▶ _DATA BLOCK_
▼

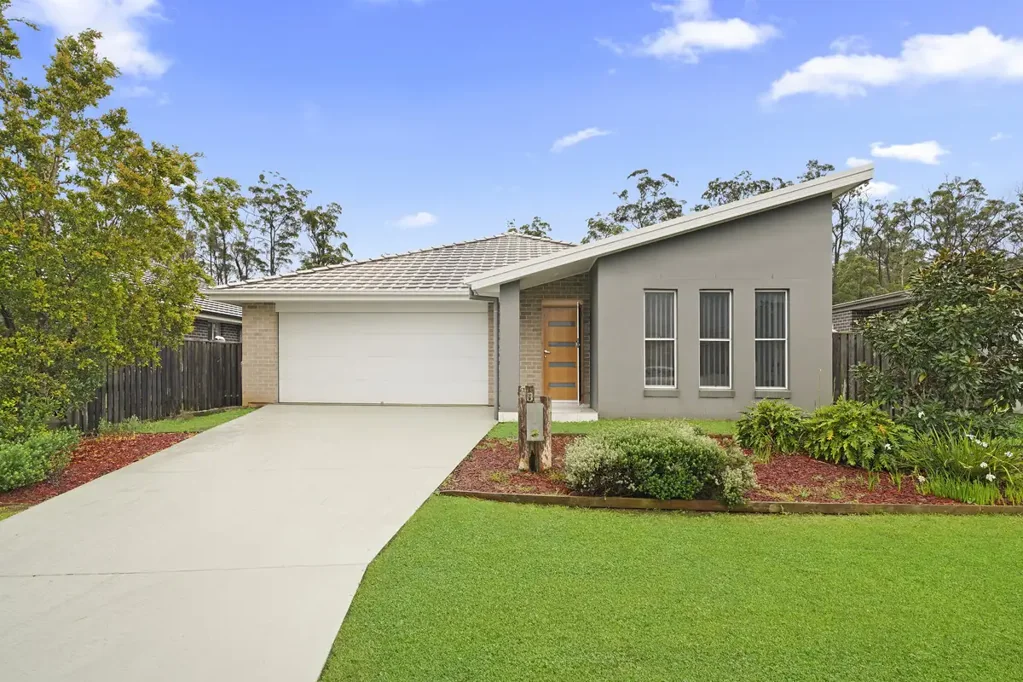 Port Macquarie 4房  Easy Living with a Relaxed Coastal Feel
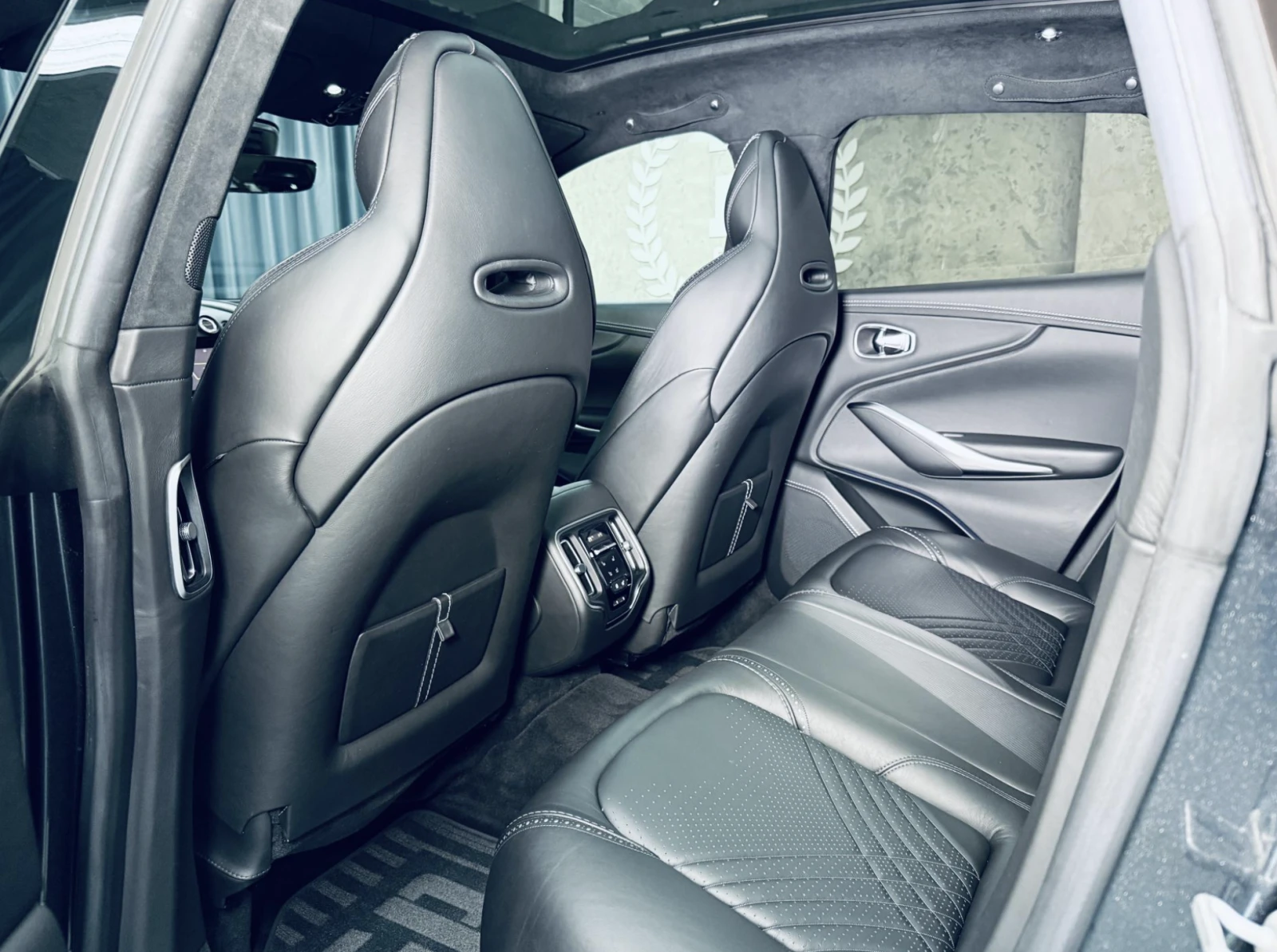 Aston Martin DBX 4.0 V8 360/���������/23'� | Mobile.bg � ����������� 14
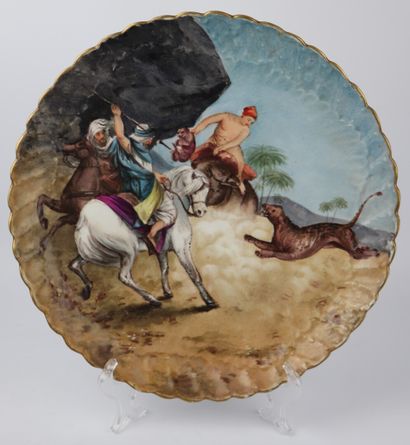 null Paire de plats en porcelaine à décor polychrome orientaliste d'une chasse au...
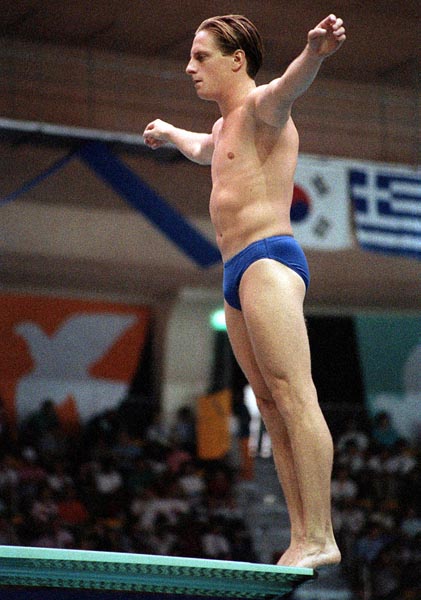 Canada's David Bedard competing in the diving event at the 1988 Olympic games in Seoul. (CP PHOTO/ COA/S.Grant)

▲

▶ _WHAT IS EXPECTED_
Skipping any images, write out all the data exactly.

▶ _RESPONSE_
 Port Macquarie 4房  Easy Living with a Relaxed Coastal Feel
 Aston Martin DBX 4.0 V8 360/���������/23'� | Mobile.bg � ����������� 14
 null Paire de plats en porcelaine à décor polychrome orientaliste d'une chasse au...
 Canada's David Bedard competing in the diving event at the 1988 Olympic games in Seoul. (CP PHOTO/ COA/S.Grant)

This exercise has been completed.